Short web captions:

+--

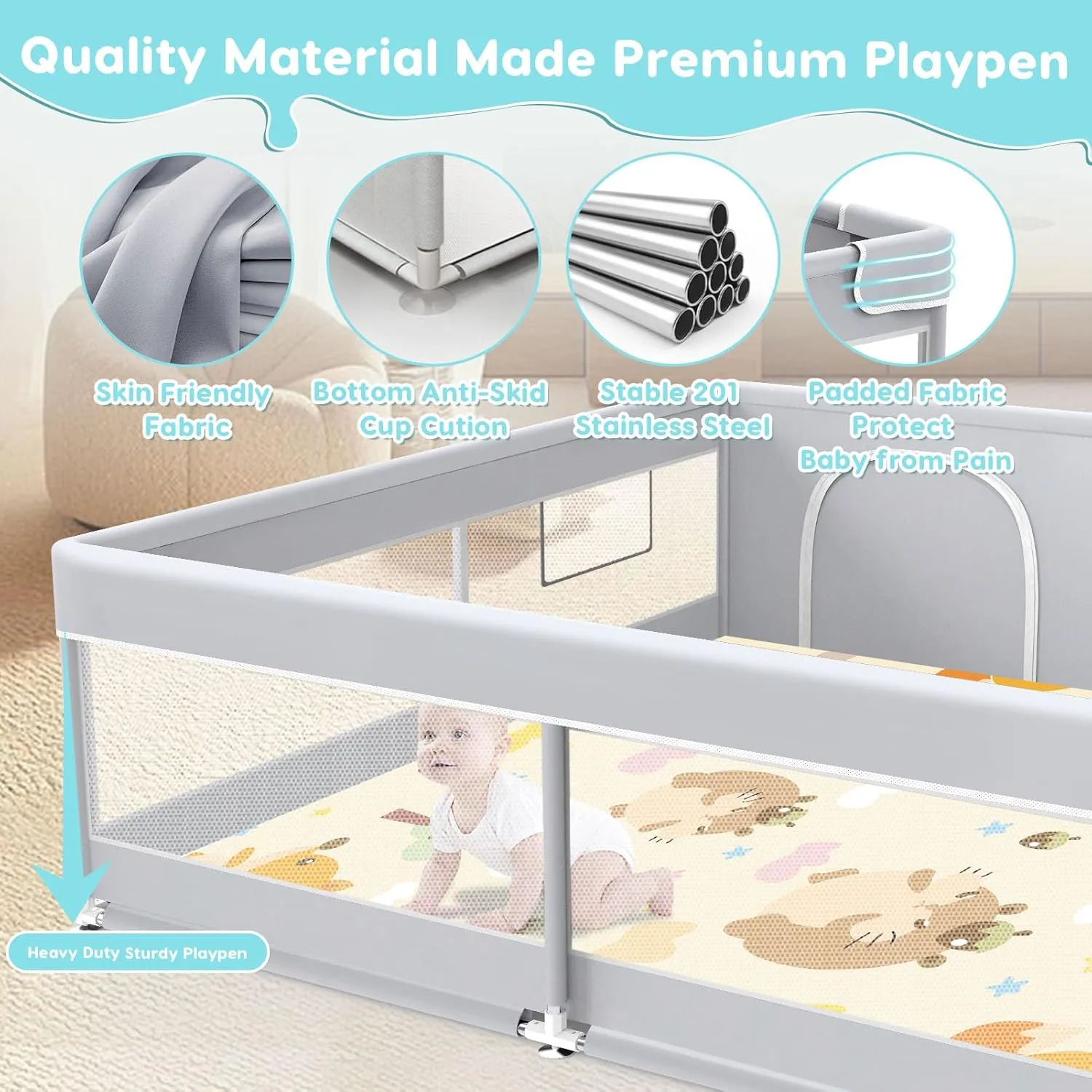 Baby Playpen with Mat, Baby Playard for Toddlers, Sturdy Safety Play Yard with Soft Breathable Mesh, Anti-Fall, 50 * 50 * 27 inches Grey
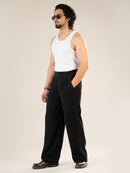 Black Polyester Baggy Pants | For Men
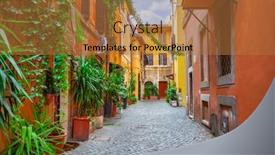  Presentation with rome - Presentation theme consisting of narrow-street-in-rome-italy background and a red colored foreground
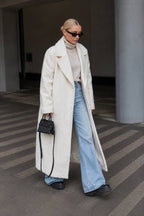 Fleece Lapel Long Sleeve Cozy Overcoat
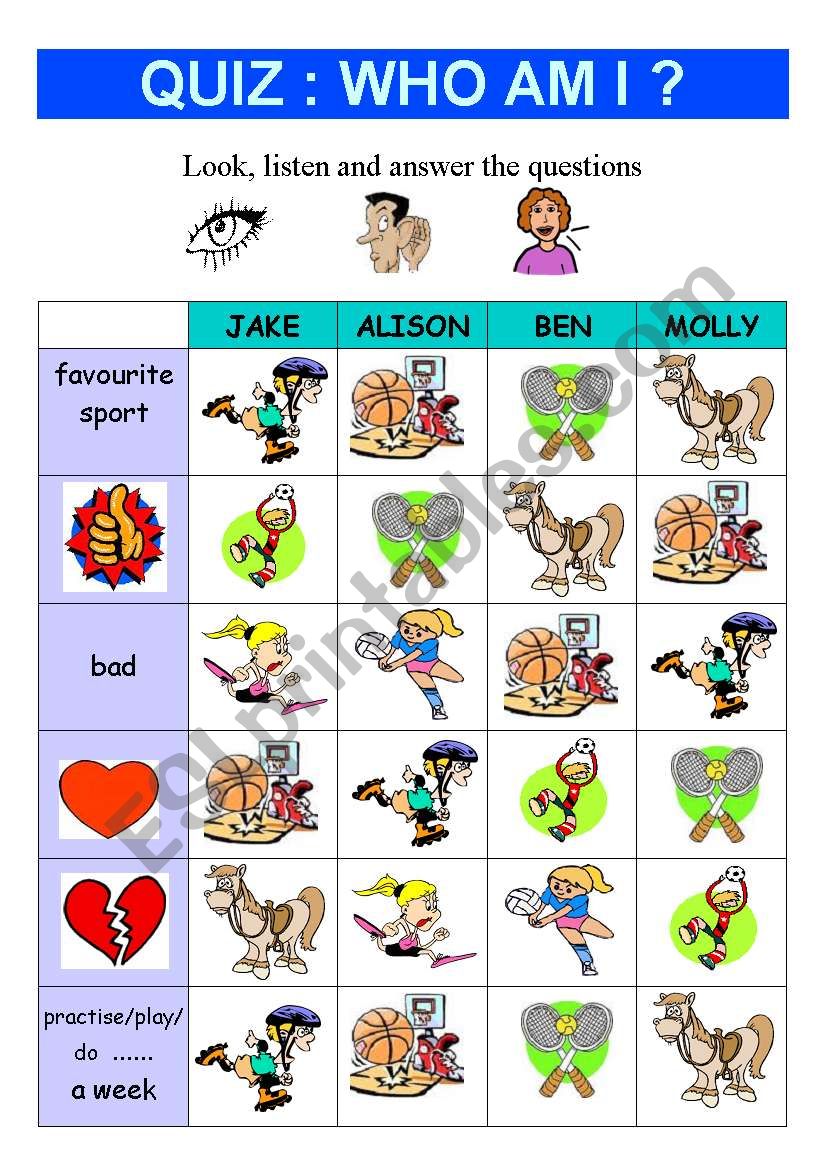 QUIZ : WHO AM I? (sport) worksheet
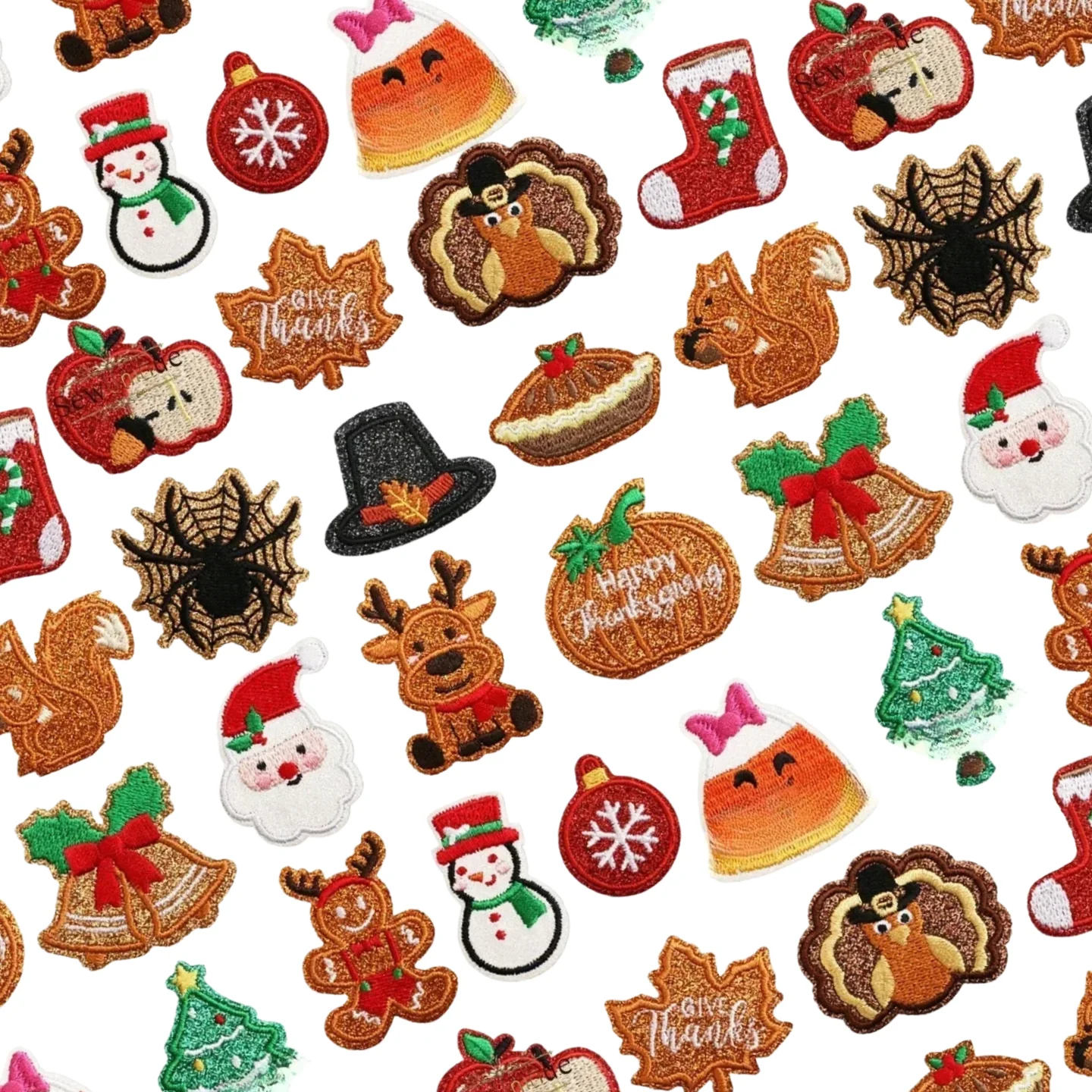 

Christmas Theme Embroidery Patches Ironing Cloth Sticker Cartoon Apple Patch Sticker Glitter Powder Material Little Squirrel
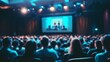 © Panuwat - Large auditorium rows people sitting chairs facing stage business conference room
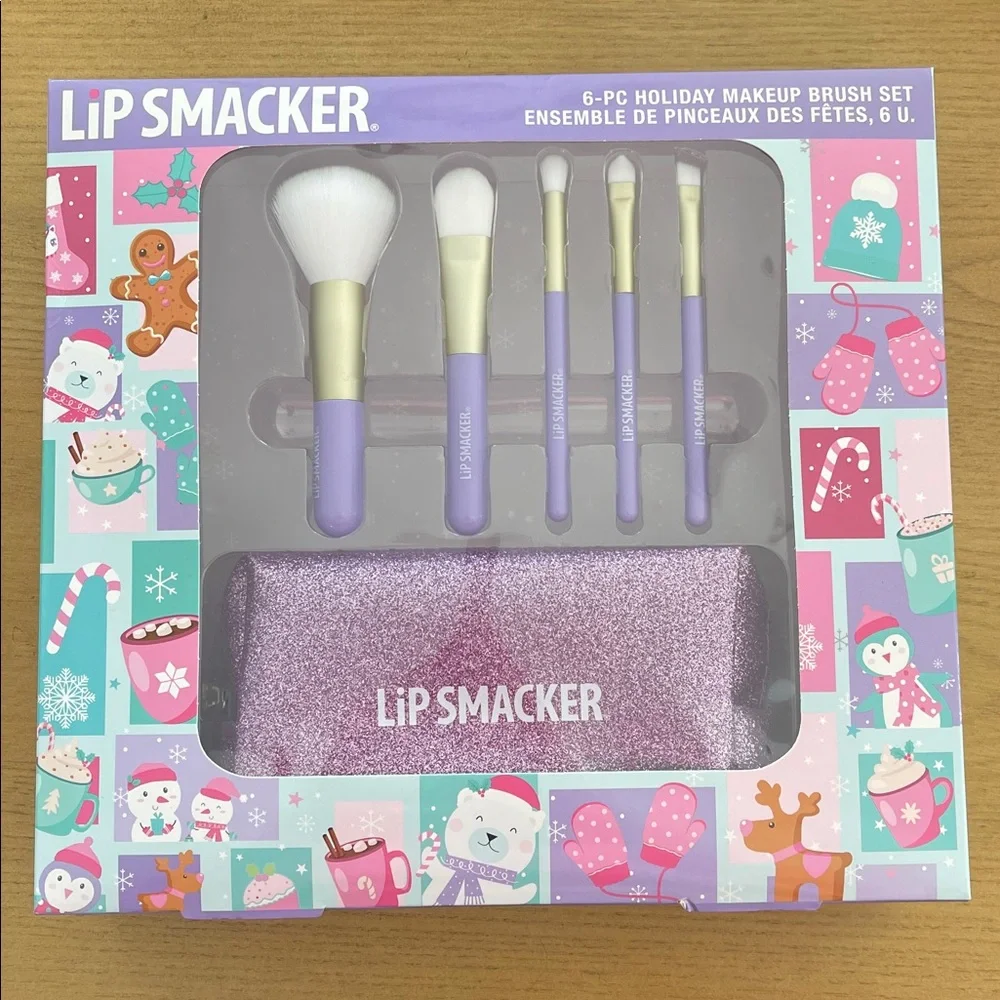 Lip Smackers 6 Piece Holiday Makeup Bag and Brush Set Bundle of 2 sets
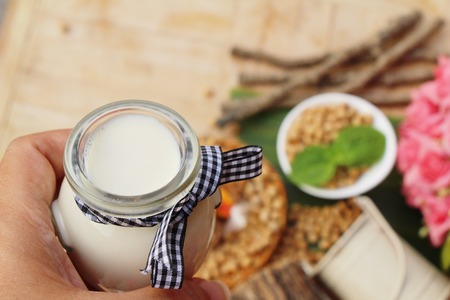 Soy bean milk is delicious with soybean seedの写真素材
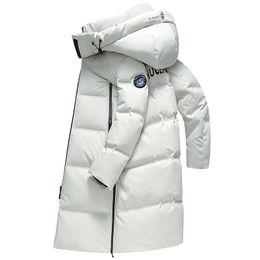 2022 Winter Snow Down Jacket Men Casual Thick Warm Parkas Hooded Coats Multi-pocket Duck Down Windbreaker Jackets Overcoat White Big Size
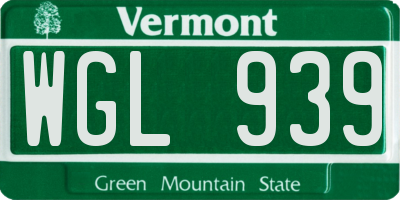VT license plate WGL939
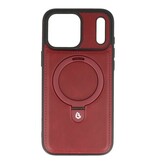 KaiYue Magsafe Lederlook met Standaard Hoesje voor iPhone 17 Pro Max - Bordeaux Rood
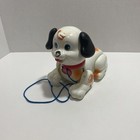 Fisher Price Lil Snoopy 1999 Pull Along Toy Puppy Dog Squeaker Bark Brown White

+--

Task prompt → Exact copy required, pictures excluded: the lines from the one holding "QUIZ : WHO AM I? (sport) worksheet" through the last line of the data, both ends included.

Response box →
 QUIZ : WHO AM I? (sport) worksheet

Christmas Theme Embroidery Patches Ironing Cloth Sticker Cartoon Apple Patch Sticker Glitter Powder Material Little Squirrel
 © Panuwat - Large auditorium rows people sitting chairs facing stage business conference room
 Lip Smackers 6 Piece Holiday Makeup Bag and Brush Set Bundle of 2 sets
 Soy bean milk is delicious with soybean seedの写真素材
 2022 Winter Snow Down Jacket Men Casual Thick Warm Parkas Hooded Coats Multi-pocket Duck Down Windbreaker Jackets Overcoat White Big Size
VT license plate WGL939
 KaiYue Magsafe Lederlook met Standaard Hoesje voor iPhone 17 Pro Max - Bordeaux Rood
 Fisher Price Lil Snoopy 1999 Pull Along Toy Puppy Dog Squeaker Bark Brown White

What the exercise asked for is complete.